We’re trying to minimize $p_1^{p_1} p_2^{p_2} \cdots p_n^{p_n}$ subject to that constraint, and again the physicists prefer the logarithmic form (with a change of sign): maximize

$-(p_1 \log p_1 + p_2 \log p_2 + \cdots + p_n \log p_n).$

That quantity is the **Shannon entropy** of the distribution $(p_1, \ldots,
p_n)$: so we’re looking for the maximum entropy solution to the constraint.
This is called the **Gibbs state**, and as we saw, it’s a
scalar multiple of $(\xi_1, \ldots, \xi_n)$ in the vector space structure
on the simplex. Equivalently, it’s

$\frac{(e^{-\lambda x_1}, e^{-\lambda x_2}, \ldots, e^{-\lambda x_n})}{e^{-\lambda x_1} + e^{-\lambda x_2} + \cdots + e^{-\lambda x_n}}$

for whichever value of $\lambda$ satisfies the constraint. The denominator
here is the famous **partition function**.

So, that basic thermodynamic problem is (implicitly) solved by scalar multiplication in the vector space structure on the simplex. A question: does addition in the vector space structure on the simplex also have a role to play in physics?

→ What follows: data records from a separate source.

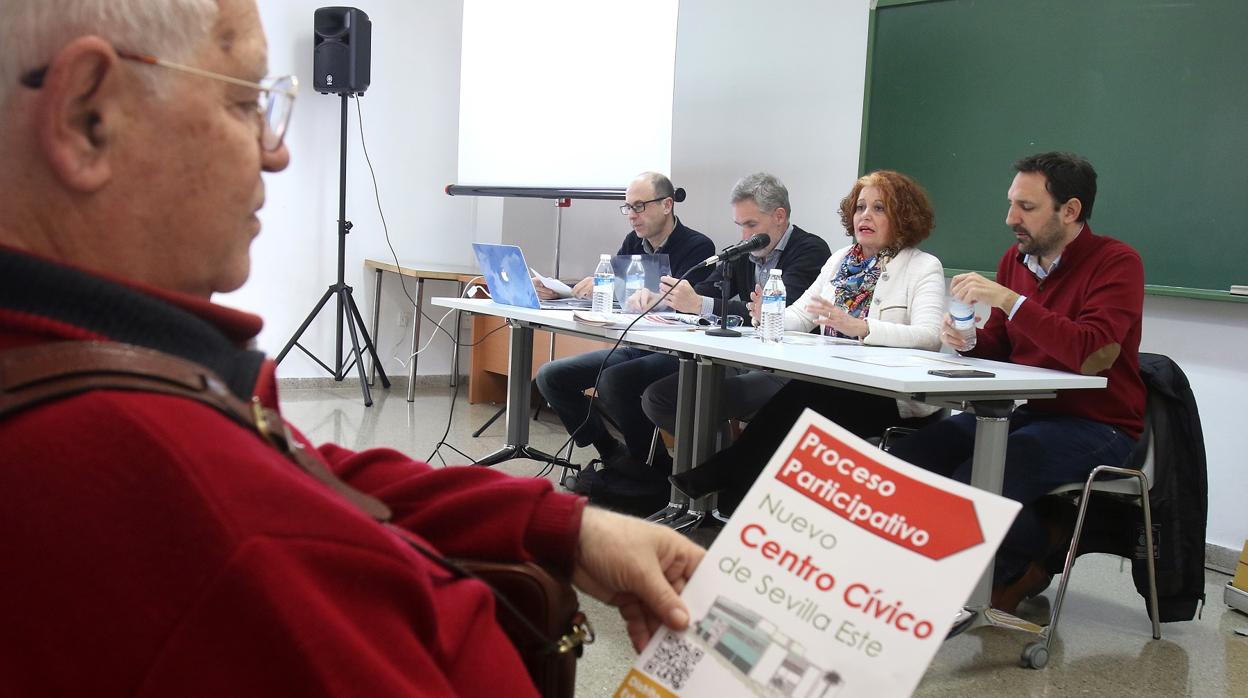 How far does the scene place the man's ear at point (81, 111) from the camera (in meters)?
0.56

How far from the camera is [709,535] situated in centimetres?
318

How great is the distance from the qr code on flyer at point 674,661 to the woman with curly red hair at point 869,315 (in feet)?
7.06

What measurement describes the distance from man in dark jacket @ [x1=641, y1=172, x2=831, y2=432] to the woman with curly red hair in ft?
0.81


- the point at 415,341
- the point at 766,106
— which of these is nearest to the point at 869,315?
the point at 766,106

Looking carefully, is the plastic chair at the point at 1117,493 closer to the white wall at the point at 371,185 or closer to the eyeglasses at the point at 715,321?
the eyeglasses at the point at 715,321

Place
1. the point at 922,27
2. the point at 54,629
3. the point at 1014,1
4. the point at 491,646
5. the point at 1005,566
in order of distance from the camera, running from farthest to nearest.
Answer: the point at 922,27 → the point at 1014,1 → the point at 1005,566 → the point at 491,646 → the point at 54,629

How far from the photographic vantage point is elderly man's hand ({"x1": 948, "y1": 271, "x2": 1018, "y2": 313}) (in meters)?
2.53

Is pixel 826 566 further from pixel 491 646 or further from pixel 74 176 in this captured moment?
pixel 74 176

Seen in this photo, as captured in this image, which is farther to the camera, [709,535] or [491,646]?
[709,535]

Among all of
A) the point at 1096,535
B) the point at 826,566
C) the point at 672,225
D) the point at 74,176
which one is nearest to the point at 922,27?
the point at 672,225

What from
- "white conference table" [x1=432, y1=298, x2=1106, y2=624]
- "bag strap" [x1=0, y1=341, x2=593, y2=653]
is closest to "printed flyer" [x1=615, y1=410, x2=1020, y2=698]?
"bag strap" [x1=0, y1=341, x2=593, y2=653]

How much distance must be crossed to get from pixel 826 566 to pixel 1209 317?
3077 mm

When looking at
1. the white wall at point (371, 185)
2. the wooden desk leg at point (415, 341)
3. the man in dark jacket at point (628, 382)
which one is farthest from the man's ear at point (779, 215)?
the white wall at point (371, 185)

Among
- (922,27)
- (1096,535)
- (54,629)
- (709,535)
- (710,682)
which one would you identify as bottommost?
(709,535) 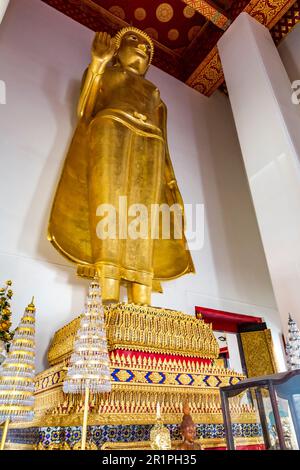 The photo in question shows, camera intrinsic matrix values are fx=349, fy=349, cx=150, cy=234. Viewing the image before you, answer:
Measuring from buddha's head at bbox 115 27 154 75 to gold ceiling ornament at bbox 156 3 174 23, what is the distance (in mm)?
1579

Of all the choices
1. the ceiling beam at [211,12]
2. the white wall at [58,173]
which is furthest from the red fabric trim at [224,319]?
the ceiling beam at [211,12]

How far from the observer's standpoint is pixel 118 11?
410 cm

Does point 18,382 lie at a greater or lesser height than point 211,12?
lesser

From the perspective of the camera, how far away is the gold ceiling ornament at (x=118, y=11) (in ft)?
13.3

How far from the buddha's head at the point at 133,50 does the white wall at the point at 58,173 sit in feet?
1.90

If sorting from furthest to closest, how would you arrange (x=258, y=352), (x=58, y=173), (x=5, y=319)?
1. (x=258, y=352)
2. (x=58, y=173)
3. (x=5, y=319)

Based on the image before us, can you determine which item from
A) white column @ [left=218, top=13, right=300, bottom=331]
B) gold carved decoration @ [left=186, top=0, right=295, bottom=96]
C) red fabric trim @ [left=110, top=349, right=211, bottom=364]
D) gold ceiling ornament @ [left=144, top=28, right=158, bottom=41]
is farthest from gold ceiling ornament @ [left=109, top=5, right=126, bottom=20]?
red fabric trim @ [left=110, top=349, right=211, bottom=364]

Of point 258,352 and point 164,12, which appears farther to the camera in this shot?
point 164,12

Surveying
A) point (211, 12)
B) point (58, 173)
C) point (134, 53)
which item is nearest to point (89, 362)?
point (58, 173)

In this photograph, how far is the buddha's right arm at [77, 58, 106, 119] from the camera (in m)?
2.47

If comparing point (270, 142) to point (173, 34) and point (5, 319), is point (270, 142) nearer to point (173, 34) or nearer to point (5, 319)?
point (5, 319)

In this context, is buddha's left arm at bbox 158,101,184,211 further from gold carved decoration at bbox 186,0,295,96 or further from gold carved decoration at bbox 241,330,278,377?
gold carved decoration at bbox 186,0,295,96

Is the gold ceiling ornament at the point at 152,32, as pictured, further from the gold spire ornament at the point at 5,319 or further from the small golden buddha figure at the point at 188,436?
the small golden buddha figure at the point at 188,436

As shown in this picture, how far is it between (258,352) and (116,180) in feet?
6.77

## Re: How the Simplex is a Vector Space

One could wonder whether the vector space construction in simplices can relate to Eduoard Lucas’ observation that 1 and 24 are the only two numbers that satisfy the pyramidal square stacking of his Diophantine equation of the so called ‘cannonball problem’. The norm zero Weyl vector from this relation is used in a construction of the Leech lattice as mentioned in Conway and Sloane’s ‘Lorentzian Forms for the Leech Lattice’.This is stated ,”We assert that the Leech lattice can be regarded as the set of all vectors of L orthogonal to w = (0,1,2,…23,24:70)”. The pyramidal square number 70^2 = 4900 can also be expressed as 140 tetrahedral units having 35 elements each or 35 squared pyramidal units having 140 elements each.